Step 16: This prepares the view of the ship in the sensor display.
 
Step 17: Finally, this is where the trouble begins, as the skybox and the
stars are rendered into the same image that also holds the cockpit
geometry view. From this moment on, the values in those pixels are doomed:
No amount of clever tone mapping can bring them into comparable contrast
ranges, after they have been baked together.

17_1_skybox_pass_stars.jpg


Also it seems and if the skybox might already have its tones gamma mapped,
but I'm not sure about that. But if the skybox is pre gamma mapped, this
would be a mistake.

Still at this point the image still looks okayish. Barnards Loop is
clearly discernible and also the Milky Way is faintly visible. We can blow
up the tone ranges, and also bypass to see how this look with and without
gamma and different contrast.

17_y_skybox_pass_gamma_bypass.jpg

17_z0_skybox_pass_range.jpg


Step 18: In this step the HUD is drawin in, element by element. Here
I only show the final result. *Of particular note is, that the HUD
elements look as they do in "normal" screenshots if gamma bypass is
enabled for the debug display.*
This means that all the HUD elements are
rendered in with the basic gamma ramp already pre applied.
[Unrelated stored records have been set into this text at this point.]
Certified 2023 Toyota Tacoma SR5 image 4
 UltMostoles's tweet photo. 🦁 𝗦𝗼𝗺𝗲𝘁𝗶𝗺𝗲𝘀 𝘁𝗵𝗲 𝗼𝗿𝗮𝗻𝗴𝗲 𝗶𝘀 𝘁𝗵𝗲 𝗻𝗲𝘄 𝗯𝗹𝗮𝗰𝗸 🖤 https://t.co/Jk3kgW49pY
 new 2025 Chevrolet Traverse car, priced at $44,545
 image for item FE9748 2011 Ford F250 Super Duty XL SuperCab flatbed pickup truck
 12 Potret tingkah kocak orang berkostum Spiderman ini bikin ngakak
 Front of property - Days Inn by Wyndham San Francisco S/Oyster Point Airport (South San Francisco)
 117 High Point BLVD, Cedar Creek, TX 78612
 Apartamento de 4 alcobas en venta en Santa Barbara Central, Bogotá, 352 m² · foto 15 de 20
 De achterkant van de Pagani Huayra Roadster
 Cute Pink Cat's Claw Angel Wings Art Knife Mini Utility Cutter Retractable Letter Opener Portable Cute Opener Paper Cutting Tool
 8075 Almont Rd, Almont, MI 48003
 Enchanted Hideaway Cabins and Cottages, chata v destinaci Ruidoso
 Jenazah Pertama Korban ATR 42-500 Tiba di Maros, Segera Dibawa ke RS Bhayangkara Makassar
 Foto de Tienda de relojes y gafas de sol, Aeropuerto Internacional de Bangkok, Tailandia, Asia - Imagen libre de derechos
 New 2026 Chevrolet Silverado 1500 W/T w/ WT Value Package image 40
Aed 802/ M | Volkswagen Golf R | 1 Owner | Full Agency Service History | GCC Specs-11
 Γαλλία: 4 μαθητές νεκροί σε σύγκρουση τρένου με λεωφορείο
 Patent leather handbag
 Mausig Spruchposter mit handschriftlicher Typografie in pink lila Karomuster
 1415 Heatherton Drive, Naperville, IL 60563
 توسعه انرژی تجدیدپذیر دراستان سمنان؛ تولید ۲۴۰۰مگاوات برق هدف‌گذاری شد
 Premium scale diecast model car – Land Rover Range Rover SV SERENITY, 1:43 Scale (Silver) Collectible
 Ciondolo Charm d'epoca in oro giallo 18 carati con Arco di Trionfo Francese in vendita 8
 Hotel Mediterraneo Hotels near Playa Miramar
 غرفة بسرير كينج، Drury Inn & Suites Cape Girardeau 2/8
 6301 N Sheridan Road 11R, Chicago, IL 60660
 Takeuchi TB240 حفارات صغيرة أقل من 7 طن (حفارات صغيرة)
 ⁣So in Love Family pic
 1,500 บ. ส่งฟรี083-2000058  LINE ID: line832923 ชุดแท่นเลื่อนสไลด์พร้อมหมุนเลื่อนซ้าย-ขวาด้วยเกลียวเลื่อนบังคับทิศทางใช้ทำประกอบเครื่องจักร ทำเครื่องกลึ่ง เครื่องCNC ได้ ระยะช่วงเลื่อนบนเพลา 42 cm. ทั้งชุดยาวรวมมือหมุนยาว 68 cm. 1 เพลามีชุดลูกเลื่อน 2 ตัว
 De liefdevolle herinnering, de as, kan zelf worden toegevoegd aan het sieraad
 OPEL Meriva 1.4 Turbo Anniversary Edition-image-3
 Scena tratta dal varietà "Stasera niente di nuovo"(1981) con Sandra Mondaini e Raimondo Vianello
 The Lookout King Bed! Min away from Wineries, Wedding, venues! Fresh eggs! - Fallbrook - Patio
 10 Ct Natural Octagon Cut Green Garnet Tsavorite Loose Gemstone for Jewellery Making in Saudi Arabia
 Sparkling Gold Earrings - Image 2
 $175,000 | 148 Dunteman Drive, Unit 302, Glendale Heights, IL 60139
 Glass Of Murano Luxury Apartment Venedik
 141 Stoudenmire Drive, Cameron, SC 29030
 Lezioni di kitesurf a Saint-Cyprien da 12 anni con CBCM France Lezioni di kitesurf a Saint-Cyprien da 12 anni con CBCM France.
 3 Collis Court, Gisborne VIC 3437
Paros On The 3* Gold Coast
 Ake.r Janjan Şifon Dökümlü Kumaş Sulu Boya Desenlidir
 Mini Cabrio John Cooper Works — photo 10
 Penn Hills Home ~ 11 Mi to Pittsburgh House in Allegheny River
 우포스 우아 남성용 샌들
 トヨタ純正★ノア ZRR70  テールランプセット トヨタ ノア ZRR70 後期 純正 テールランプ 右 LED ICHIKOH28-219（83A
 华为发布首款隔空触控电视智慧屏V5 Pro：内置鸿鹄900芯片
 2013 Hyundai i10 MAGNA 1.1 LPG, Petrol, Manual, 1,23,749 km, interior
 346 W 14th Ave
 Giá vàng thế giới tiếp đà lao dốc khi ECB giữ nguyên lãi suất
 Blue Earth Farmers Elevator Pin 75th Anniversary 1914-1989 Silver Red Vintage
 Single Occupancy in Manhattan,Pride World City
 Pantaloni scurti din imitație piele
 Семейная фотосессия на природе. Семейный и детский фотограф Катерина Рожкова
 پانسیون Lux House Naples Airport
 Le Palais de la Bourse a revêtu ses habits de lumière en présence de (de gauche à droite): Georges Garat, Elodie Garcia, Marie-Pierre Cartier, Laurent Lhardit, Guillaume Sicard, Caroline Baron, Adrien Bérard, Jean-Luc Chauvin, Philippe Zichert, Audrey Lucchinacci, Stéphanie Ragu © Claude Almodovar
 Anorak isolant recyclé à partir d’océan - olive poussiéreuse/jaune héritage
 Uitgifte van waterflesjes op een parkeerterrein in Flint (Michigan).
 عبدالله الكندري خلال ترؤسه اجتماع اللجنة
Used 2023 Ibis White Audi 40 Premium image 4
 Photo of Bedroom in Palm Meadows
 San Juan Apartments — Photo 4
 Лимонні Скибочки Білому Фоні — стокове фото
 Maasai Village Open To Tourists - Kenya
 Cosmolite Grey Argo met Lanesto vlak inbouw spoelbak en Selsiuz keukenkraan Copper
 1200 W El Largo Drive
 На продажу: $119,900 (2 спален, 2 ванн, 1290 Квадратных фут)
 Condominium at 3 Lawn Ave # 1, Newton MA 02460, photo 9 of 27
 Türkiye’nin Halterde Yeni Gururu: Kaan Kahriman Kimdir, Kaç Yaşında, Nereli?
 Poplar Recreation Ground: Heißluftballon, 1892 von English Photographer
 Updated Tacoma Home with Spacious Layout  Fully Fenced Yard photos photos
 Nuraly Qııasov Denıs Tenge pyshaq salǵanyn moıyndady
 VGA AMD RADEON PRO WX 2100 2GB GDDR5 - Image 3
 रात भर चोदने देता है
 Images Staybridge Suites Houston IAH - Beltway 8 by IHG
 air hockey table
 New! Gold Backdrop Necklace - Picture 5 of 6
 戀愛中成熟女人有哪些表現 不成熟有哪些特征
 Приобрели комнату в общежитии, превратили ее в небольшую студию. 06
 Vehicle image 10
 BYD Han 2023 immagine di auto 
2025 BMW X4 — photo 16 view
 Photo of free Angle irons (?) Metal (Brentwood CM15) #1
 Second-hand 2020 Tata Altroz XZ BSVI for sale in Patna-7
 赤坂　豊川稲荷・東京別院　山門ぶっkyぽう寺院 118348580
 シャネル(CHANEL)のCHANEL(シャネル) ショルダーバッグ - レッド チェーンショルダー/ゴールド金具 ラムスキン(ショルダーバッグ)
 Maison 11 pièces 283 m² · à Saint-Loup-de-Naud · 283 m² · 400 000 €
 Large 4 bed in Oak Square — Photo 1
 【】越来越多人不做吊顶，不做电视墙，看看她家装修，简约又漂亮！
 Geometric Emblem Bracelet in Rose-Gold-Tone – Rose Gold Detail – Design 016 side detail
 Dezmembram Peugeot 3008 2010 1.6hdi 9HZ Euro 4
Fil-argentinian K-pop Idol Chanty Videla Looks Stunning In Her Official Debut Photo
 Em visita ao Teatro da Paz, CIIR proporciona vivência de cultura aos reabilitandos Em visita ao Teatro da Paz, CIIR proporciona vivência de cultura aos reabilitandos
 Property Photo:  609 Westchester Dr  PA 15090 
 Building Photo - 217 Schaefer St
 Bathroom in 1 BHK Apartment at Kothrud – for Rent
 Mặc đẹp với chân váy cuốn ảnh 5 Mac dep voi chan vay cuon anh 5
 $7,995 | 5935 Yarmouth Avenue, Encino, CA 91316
So if we
presume that the render target so far is supposed to be in linear RGB,
then the HUD elements will inevitably get gamma transformed to a higher
power, which is not correct; the result will be a far larger contrast on
the HUD elements with things being either really bright, or really dark.

18_HUD_gamma_bypass.jpg

and here with an additional subsequent gamma transform
18_HUD_gamma.jpg


After this the final tonemapping pass is applied. And this is where the
digestive end product hits the rotary air impeller
. In the pixelshader for
this tonemapping step is applied what could be understood as a gamma
transform. The resulting image, in linear RGB already looks as the
presumably desired end result. It still looks okay, the HUD is readable,
albeit a little bit overcontrast and oversaturated, we can still clearly
see Barnards Loop and a hint of the Milky Way. I'd not deem this
"perfect", but perfectly acceptable within the constraints of a product
release.
20_tonemapping.jpg

However, because the image is untyped, the graphic system will
apply a gamma transform of its own, with the familiar, unpleasant result.
20_tonemapping_gamma.jpg

One thing that stands out about this tonemapping step is a constant found
within the pixel shader: 64500. That value is awefully close to 65535,
i.e. 2\*\*16-1. My guess is that a (junior?) developer had trouble with
the value ranges, dumped an image, took its maximum value x, punched 1/x
into their calculator and rounded to the next multiple of 100 (why 100 and
not 128?).
20_tonemapping_pixelshader.jpg

Now remember back to the first step, the cubemap: That thing looks good.
And it's aligned with the ship, so clearly this cubemap is not
prerendered, but rendered somwhere else. So these frame captures don't
tell the whole story, there are even more renderers involved there,
operating independently.


Among "experienced" grey beard developers it's common knowledge, that the
code structure of a program reflects the organizational structure of the
entity that developed it. These frame command dumps are a reflection of
the code structure that produce them. So by second order indirection this
allows me to take a few guesses. The whole thing reeks of a communications
problem. Within the generation of a frame there seem to be (at least)
three different "teams" working on the same thing: The people who develop
the astronomical renderer, the people who develop the ship's cockpit
renderer and the UI renderer (which produces that HUD) team, and I got the
impression, that there's a severe lack of communication between them. It's
at the interface between them, where the mishaps occur.
 
I, as some many other people got appalled by the hideous luminance
distribution and color saturation issues exhibited by the Odyssey
renderer. Since I'm a computer graphics developer myself and do consulting
work for critical graphics systems (think medical imaging, CT, MRI, and
such) I took a dive in the sequence of steps that go into rendering
a single frame of Odyssey.

For those curious about this: This is not really data mining in the
strictest sense, what you do is, you take a graphics debugger like
RenderDoc, or Nvidia Nsight Graphics, which places itself between the
program under test and the graphics API and/or driver and meticulously
records every\* command that goes into drawing a frame. Then you can go
through the list of drawing commands step by step and see how the picture
is formed.

The TL;DR is, it's not as a simple issue as a merely wrongly set gamma
value or wrong tonemapping curve. What's actually going on is, that
rendering a single frame of Odyssey consists of several steps, between
which intermediary images are transferred; and unfortunately some of these
steps are not consistent about what the color space is of the
intermediaries that are passed between them.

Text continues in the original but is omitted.